§ **Directions for this task**
Starting with the line that contains "Design of Port" and ending with the last line of the entries, repeat exactly those lines and nothing else, pictures excluded.

(Task input begins)

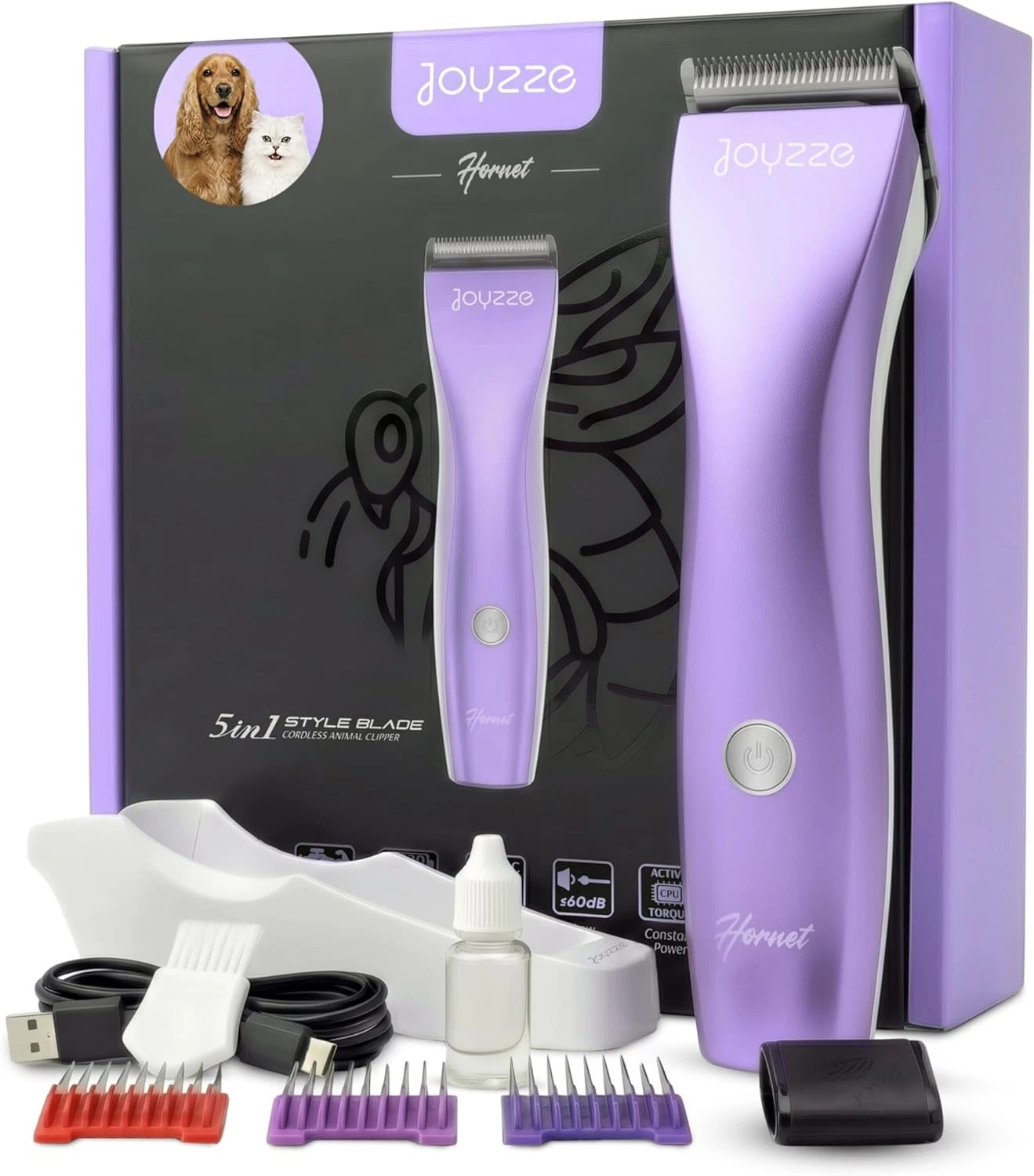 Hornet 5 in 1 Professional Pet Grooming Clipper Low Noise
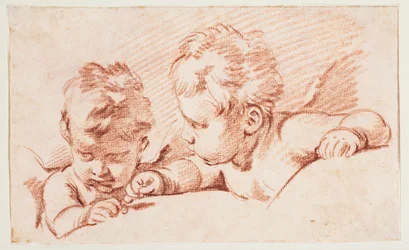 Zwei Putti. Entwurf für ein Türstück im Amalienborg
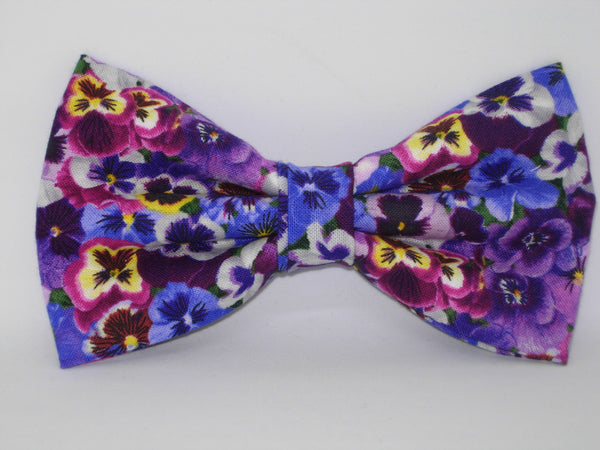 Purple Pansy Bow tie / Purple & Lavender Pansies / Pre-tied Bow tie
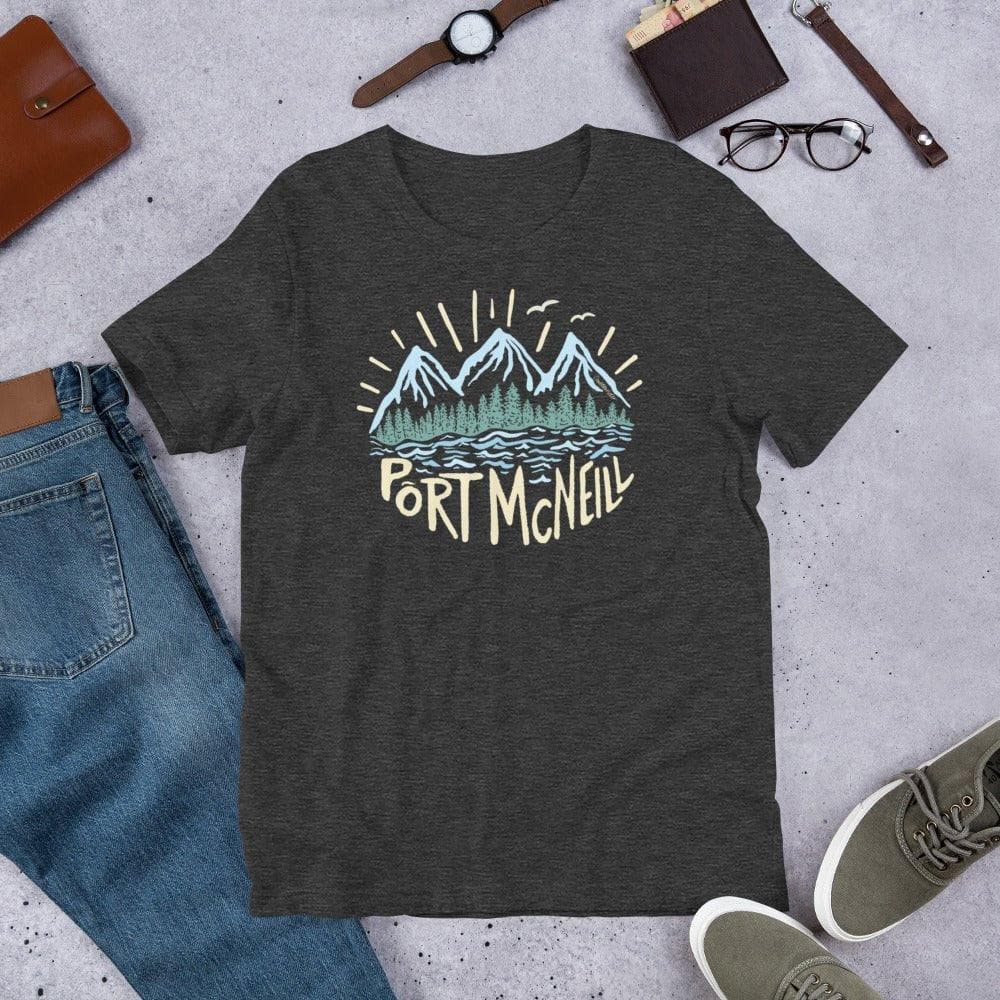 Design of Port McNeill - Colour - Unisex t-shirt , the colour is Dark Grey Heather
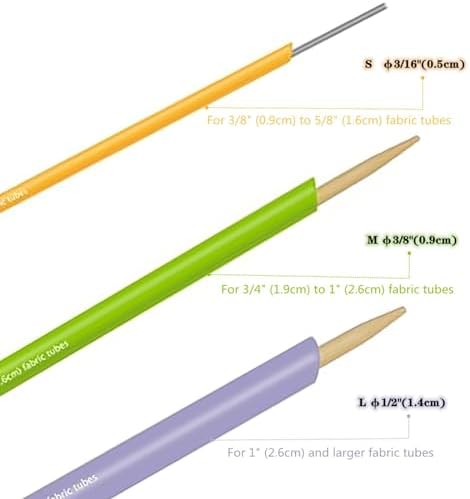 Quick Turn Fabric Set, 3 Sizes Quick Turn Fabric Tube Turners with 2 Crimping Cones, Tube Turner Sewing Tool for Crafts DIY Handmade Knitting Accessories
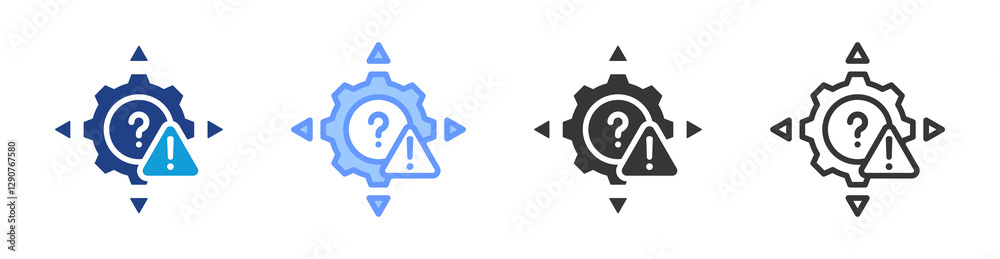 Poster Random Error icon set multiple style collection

(Task input ends)

§ **Task output**
 Design of Port McNeill - Colour - Unisex t-shirt , the colour is Dark Grey Heather
 Quick Turn Fabric Set, 3 Sizes Quick Turn Fabric Tube Turners with 2 Crimping Cones, Tube Turner Sewing Tool for Crafts DIY Handmade Knitting Accessories
 Poster Random Error icon set multiple style collection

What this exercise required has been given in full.